In this book journalist Jason Burke writes a survey of events of the first ten years of the so called war on terror from the late nineties to the death of Osama Bin Laden and the Arab Spring in 2011. Well documented and footnoted it offers the author's commentary on many of the main events with the author as correspondent visiting many of the war zones and interviewing participants in events. From this perspective, Burke writes from the viewpoint of ordinary people caught up in the events and the consequences for them. Burke in his extensive travels in the Middle East and Arab World could see much of what happened at first hand and he offers his intended audience, mainly readers in the Western Hemisphere insights and perspectives into the minds of those on both sides of the conflict.
The author presents a view of the war from the ground up, and is not focused on the behavior of top ranking American and British politicians, such as Bush and Blair or why they acted the way they did. Much debated issues such as the events of 9/11 itself, and the search for weapons of mass destruction in Iraq get relatively little detail, with the focus and analysis on what came later in the Middle East and Europe.
The first section of the book deals with the origins of the Taliban and the departure of the Russians from Afghanistan. Beginning with the destruction of the ancient Buddhas by the Taliban government and the American invasion of the country leading to the Talibans’ flight from Tora Bora, the author offers insights into what went well on the ground in Afghanistan as well as what did go not go according to plan.

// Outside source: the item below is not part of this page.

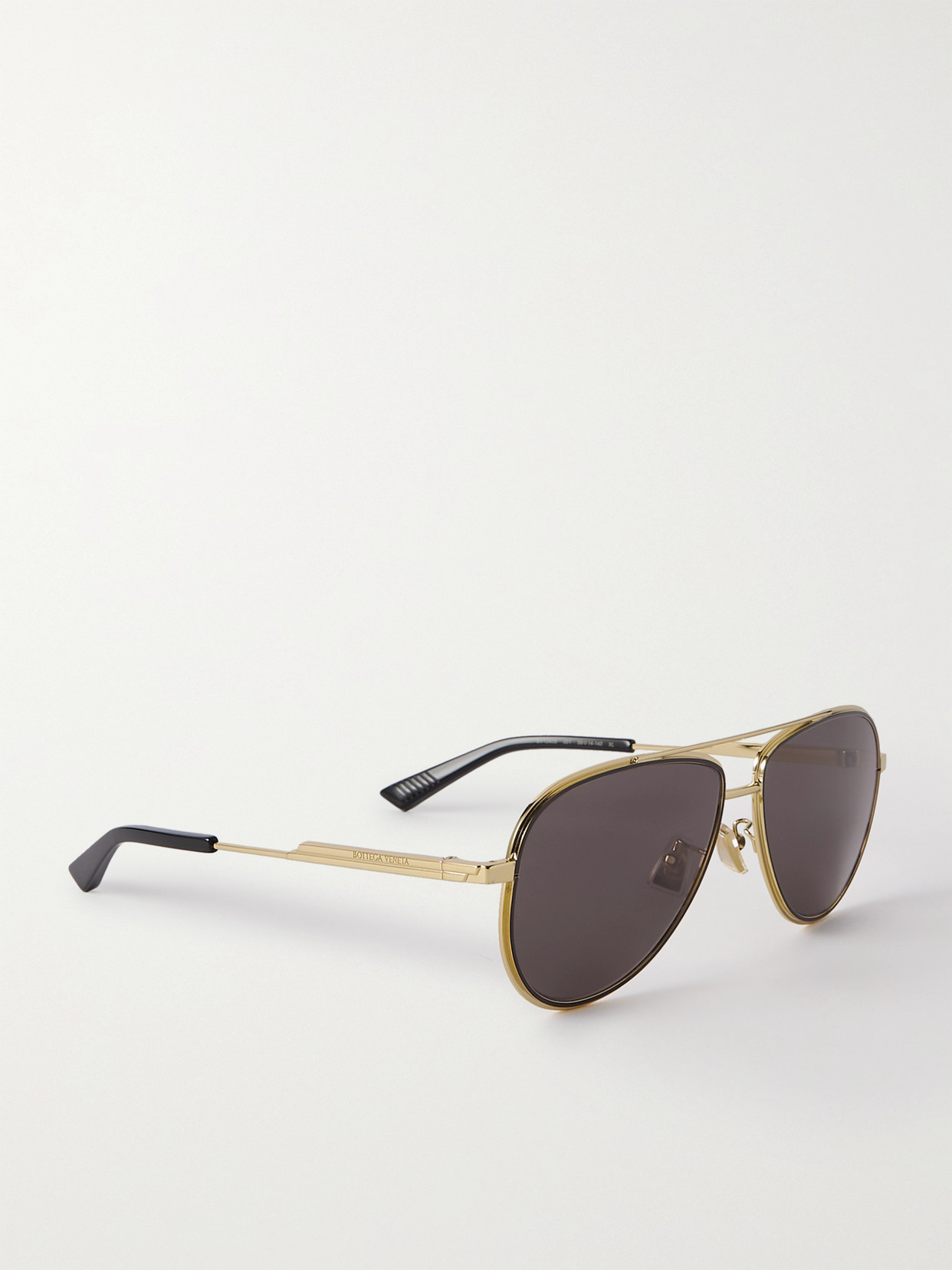 Shop Bottega Veneta Aviator-style Gold-tone Sunglasses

It also deals with the more problematic invasion of Iraq twelve months later, and the failure of the occupying Americans to win the peace. He outlines the role of misinformation on both sides, the counterproductive use or torture and rendition by the Americans in both Afghanistan and then Iraq. It highlights the fragility of western style liberal democracy in both countries, and how the perceptions of America and its allies by many ordinary citizens in both countries, changed from being that of a rescuer and liberator to that of an oppressive occupying power.
The later parts of the book deal with the impact of terrorist bombings in Europe, and has entire chapters devoted to Pakistan and FATA, the later clearly one of the most dangerous places in the world for any westerner. Burke concludes his summing up of ten years of the war by suggesting that while the war has not been won by either side, neither has it produced the Armageddon that some had expected. He also attempts a carefully considered estimate of the collateral damage, the civilian casualties.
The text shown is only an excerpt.